January 22, 2015

Sir, is it not high time FT abandons its “Après nous le deluge" mode?

Sir, of the letters I wrote and which you published, before I was censored for the given reason that I wrote too many letters, that which gets the most attention in my blog is the one titled “Long-term benefits of a hard landing”.

In that letter I argued Why not try to go for a big immediate adjustment and get it over with? … This is what the circle of life is all about and all the recent dabbling in topics such as debt sustainability just ignores the value of pruning or even, when urgently needed, of a timely amputation.”

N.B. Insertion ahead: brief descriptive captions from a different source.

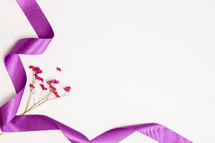pink flowers with purple ribbon on white 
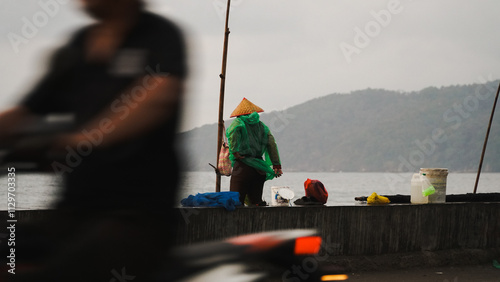 fishermen who are ready to work on a rainy morning photo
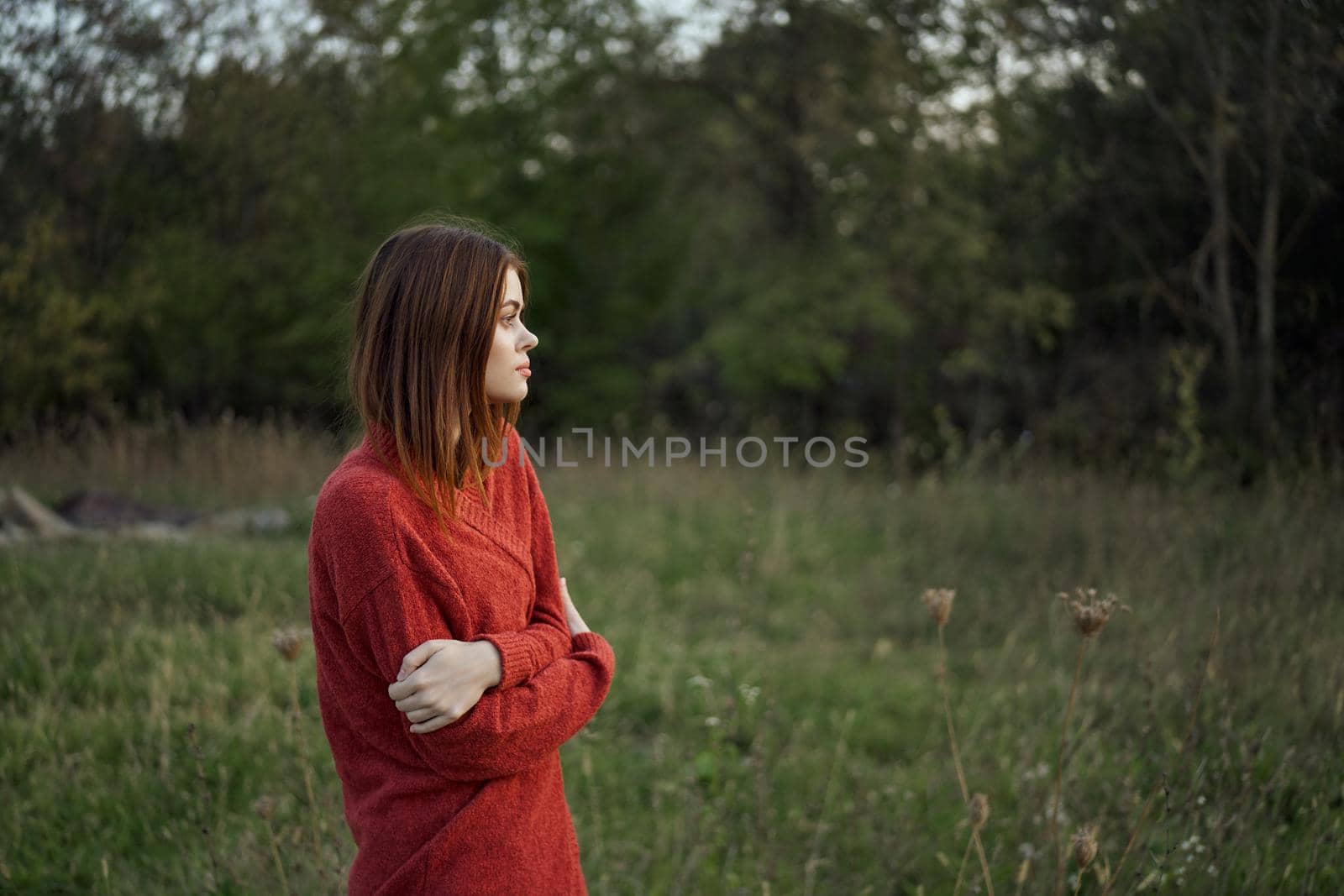 woman in a red sweater outdoors in the field nature rest by Vichizh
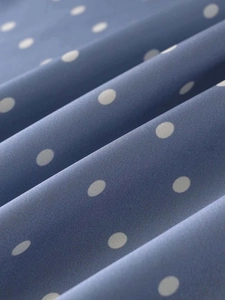 Detailed macro view of blue satin fabric with white polka dots and smooth texture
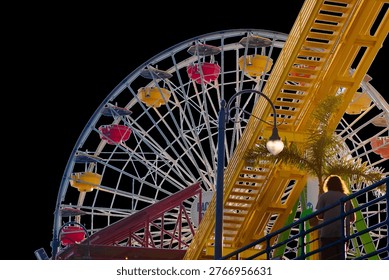 Ferris wheel and roller coaster structure at Santa Monica Pier at night with palm tree and pedestrian silhouette, ideal for travel, nightlife, and coastal lifestyle concepts.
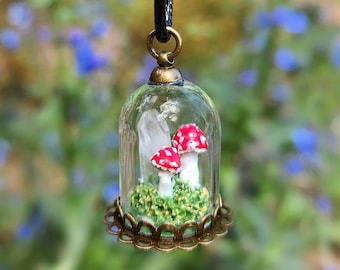 May include: A glass dome necklace with a miniature forest scene inside. The scene features three red and white mushrooms growing on a bed of green moss.
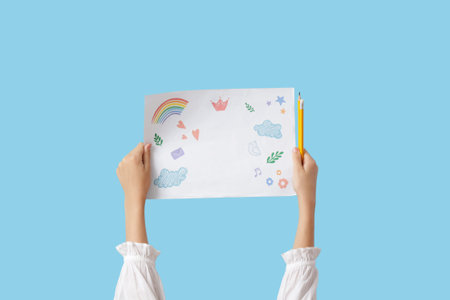 Child with drawing and pencils on blue background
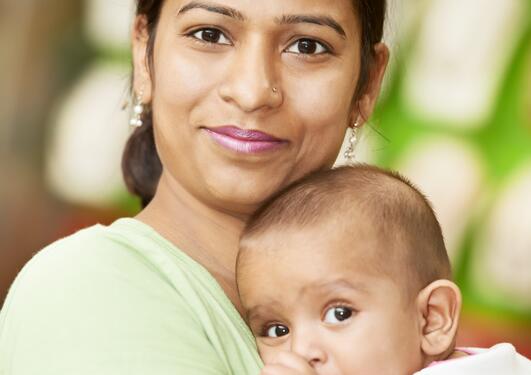 Illustration photo of Indian mother holding her child.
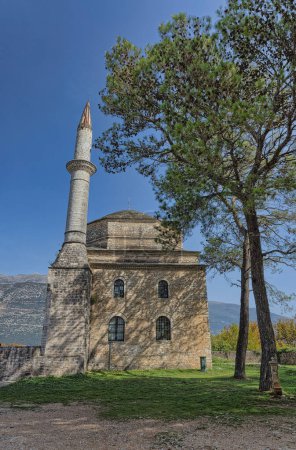Téléchargez les photos : IOANNINA, GRÈCE - 23 octobre 2023 : La mosquée historique Fethiye se dresse avec son impressionnant minaret au milieu de la verdure sous le ciel bleu clair à Ioannina. - en image libre de droit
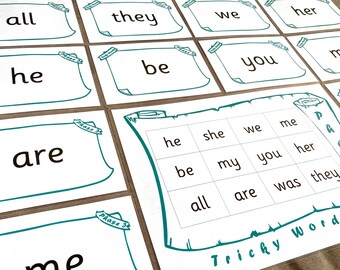 May include: A set of white cards with teal borders and text. The cards feature common sight words, including "all", "they", "we", "her", "he", "be", "you", "my", "are", "she", "me", "was", and "they". The cards are arranged in a grid pattern on a brown surface. The text "Tricky Words" is written in teal on a white background.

How sad it is that almost eight years later, after having basically wasted QE’s, Paul Serfaty still finds a valid reason to end his letter with “Bite the bullet. Reprice the assets. Write off the unpayable debt. Smite the unwary. Start again with a new confidence that there is an upside”, “QE monster has regulators and markets alike transfixed” January 22.

Sir, look back at what your columnists have written over the last eight years, and you will find that most of it has to do with kicking the can down the road, by means of QEs, fiscal deficits and much other… all having us climb ever higher, that mountain of excessive liquidity, unsafe excessive price of “safe assets” and excessive sovereign debt, from which we must come down from, sooner or later.

Frankly Sir, is it not high time FT abandons its “Après nous le deluge” mode?